In a recent Ontario case, divorced parents each sought sole guardianship of their mentally incapable adult daughter.
The parents, who divorced in the 1980s, were unable to work together as joint guardians of their 42 years old mentally incapable daughter (“Isabella”). While both parents, who are now in their 70s, agreed that it would be ideal for Isabella to reside in a group home for mentally challenged adults, they could not find a placement for her.
Unable to work together, each parent brought an application seeking to be appointed the guardian of person and property for Isabella. Her father sought to be appointed her sole guardian of property and personal care. Isabella’s mother sought to be appointed her sole guardian of personal care and property under the supervision of the Public Guardian and Trustee. The Public Guardian and Trustee sought the termination of their interim appointment and were unwilling to be appointed Isabella’s guardian on a permanent basis.
The court first looked at the relevant provisions in the Substitute Decisions Act and found that Isabella was unable to manage property and unable to make personal care decisions.
Noting that Isabella’s parents had not been able to cooperate with each other for decades and any joint guardianship plan would fail, the court considered which parent would be the better guardian of property and personal care. Isabella spent almost equal time with both parents and the court examined her daily activities with each parent. The court looked at her diet, exercise regime, parents’ encouragement of her independence, and parents’ accessing community services for Isabella’s benefit.
Isabella’s father believed that her life skills had declined significantly due to lack of stimulation and community support for Isabella when she lived with her mother. Evidence from Isabella’s doctors and social workers confirm a decline in Isabella’s development.
While both parents provided a loving home to Isabella, the court found that Isabella’s father was more oriented towards providing stimulus and training to Isabella. For example, Isabella attended school when she lived with her father but had irregular attendance when she resided with her mother. Isabella’s father became her sole guardian of property and personal care.

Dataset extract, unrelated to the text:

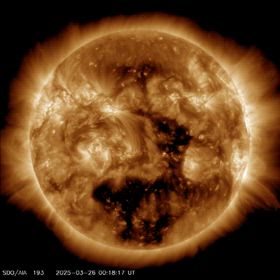 3月28日15時20分UTに、太陽面でX1.1フレアが発生しました。の画像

It is not an ideal situation for parents in their 70s to be the primary caregivers to mentally incapable adults who require a high level of care and stimulation. In this family’s case, Isabella had been on a waiting list since 2008 for a placement in a group home. The court noted that due to inadequate funding, the time wait for community support is 5 to 15 years and there are currently 19,000 people in Ontario waiting for group home accommodation.